Pantoute: The Québécois way of saying “pas du tout” (not at all). Example: Il n’en reste plus pantoute. (There’s none left at all.) 

Plate: You’ll hear this all the time if you go to Quebec. It means both boring (ennuyeux) and disappointing/too bad (décevant/dommage). Examples: 1. Je trouve ce livre plate. (I find this book boring.) 2. C’est plate que tu sois malade! (It’s too bad you’re sick!)

Tiguidou: This is an amusing word used in everyday, more familiar language. It indicates enthusiasm and agreement. When you say “tiguidou,” it means something went perfectly well or that everything is in order. Other meanings are: good to go, perfect, great, and super. Examples: 1. “Mon boulot? C’est tiguidou!” (“My job? It’s awesome/going great!”)  “Je suis tout tiguidou avec toi.” (I totally agree with you.)

Se tirer une bûche: This literally means “to haul oneself a log,” but it figuratively means “pull up a seat/chair,” or simply “to sit down.”

Et aussi:

Se faire passer un sapin:  to get scammed

Ma blonde/ mon cheum: my girlfriend/ my boyfriend

Tabernacle!/ Ostie!: lots of québécois swear words actually come from religious vocabulary!

Famous Québécois 

Céline Dion is by far the most famous French-Canadian celebrity, but there are plenty of others you should know about! To celebrate its 30th anniversary, the Canadian Encyclopedia created a list of 30 famous francophones from all corners of French-speaking Canada. Check it out here. A few of our favorite famous French-speaking Canadians include Guy Laliberté, the founder of Cirque du Soleil, and Michel Tremblay, a famous playwright who wrote Les Belles-soeurs. We also adore director Jean Marc Vallée, who has made many famous English-language films including Dallas Buyers Club, as well as one of the best Québécois films of all time: C.R.A.Z.Y.  And, finally, we recommend that you watch the films of Montreal-born Xavier Dolan (see below)!

 

Tips for Learning Québécois French 

If you want to learn more about Québécois language and culture, you should immerse yourself by watching French Canadian movies, listening to French Canadian music, podcasts or radio shows, and reading books by French-Canadian authors. Here are a few suggestions:

Movies: 

Bon Cop, Bad Cop: Two police officers who are radically different (one is from Montreal and obeys the law, the other from Toronto and breaks the rules) are forced to work together to solve a mystery.

Incendies: This was nominated for an Oscar and is Denis Villeneuve at his best. 

Monsieur Lazhar: Arguably the best Québécois film ever made, Monsieur Lazhar is about a substitute teacher who forms a close relationship with his students. 

Other movies you should check out: Starbuck, C.R.A.Z.Y., Les Invasions barbares, and Xavier Dolan’s oeuvre (J’ai tué ma mère, Les amours imaginairesLaurence Anyways, Mommy)

Radio/Podcasts: 

Radio Canada: Try “Ici Radio Canada Première” for news shows and if you’re interested in literature, we recommend Plus on est de fous, plus on lit! 

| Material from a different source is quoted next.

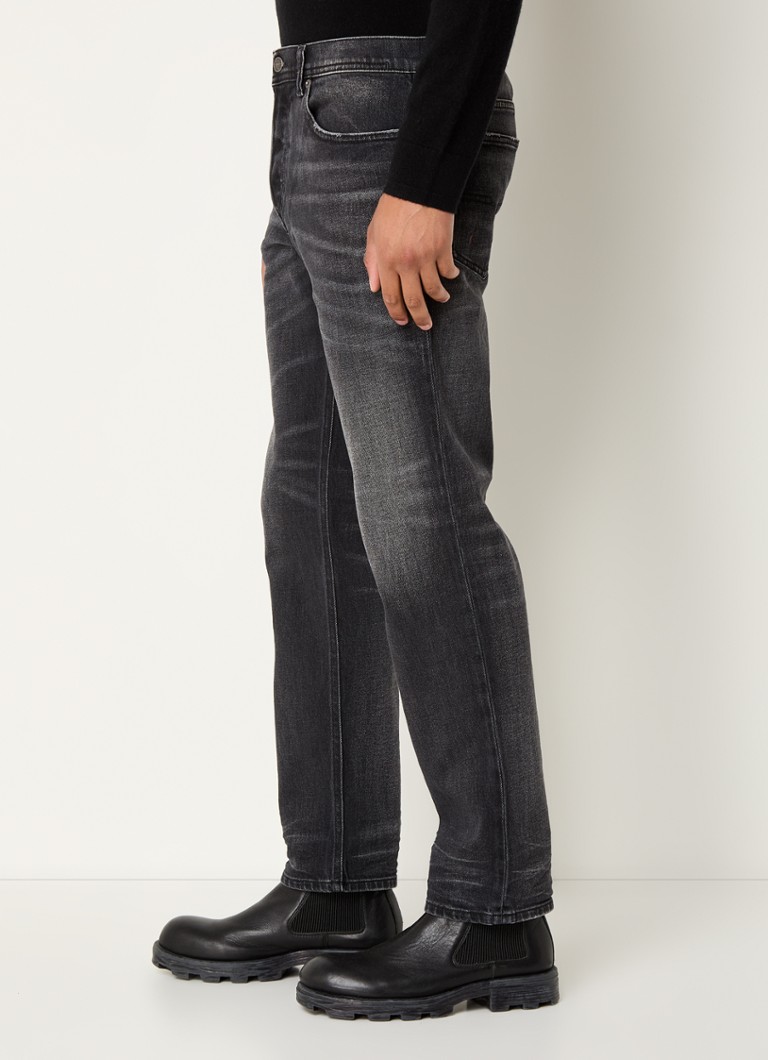 Diesel 2023 D-Finitive Tapered Jeans mit farbiger Waschung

Périphéries: Magnéto has a variety of excellent podcasts. This one is about stories that pass under the radar.

Avenir d’idées: This podcast is about innovative solutions to today’s social and political problems.

Books: 

Mad Shadows by Marie-Claire Blais: Published under its original title La belle bête in 1959, this novel shocked Catholic Québécois readers upon its release with its gritty depiction of a dysfunctional family. 

The Enigma of the Return by Dany Laferrière: Laferrière’s semi-autobiographical novel is about a Haitian émigré living in Montreal who must return to his native country for his father’s burial. 

The Tin Flute by Gabrielle Roy: A story about familial bonds and survival during World War II, this classic novel won multiple literary awards and has been called the greatest Québécois novel.